Людмила БАКШИ
ЭПОХА ПЕРЕМЕН
МЫСЛИ ПО ПОВОДУ
В нынешнее время споры о развитии театра резко обострились. Кажется, однако, что ясного проекта светлого будущего ни у кого нет. Проблема в том, что на явления современного искусства мы накладываем кальку века ХХ, смело пользуясь терминами «авангард» и «традиция». Возникает очень простая схема, при которой вечной традиции противостоит вечный авангард. Концепция эта вполне мифологическая, потому что авангард, отнюдь не вечное явление. Он связан с определенными историческими событиями, развивался в конкретный промежуток времени, и в последнее двадцатилетие прошлого века исчерпал свой потенциал.
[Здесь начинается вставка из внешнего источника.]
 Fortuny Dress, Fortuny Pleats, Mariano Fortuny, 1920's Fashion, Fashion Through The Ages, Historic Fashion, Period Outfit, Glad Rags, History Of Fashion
К новациям в сегодняшнем театре, авангард как правило, отношения не имеет. Мы смело пользуемся понятием «актуальность», подразумевая под ним всего лишь злободневность, требуя от театра немедленного отклика на события дня. Между тем вопрос об актуальности совсем не так прост. Театр находится в эпицентре грандиозного архитектонического сдвига всей западной культуры - и процесс только разворачивается.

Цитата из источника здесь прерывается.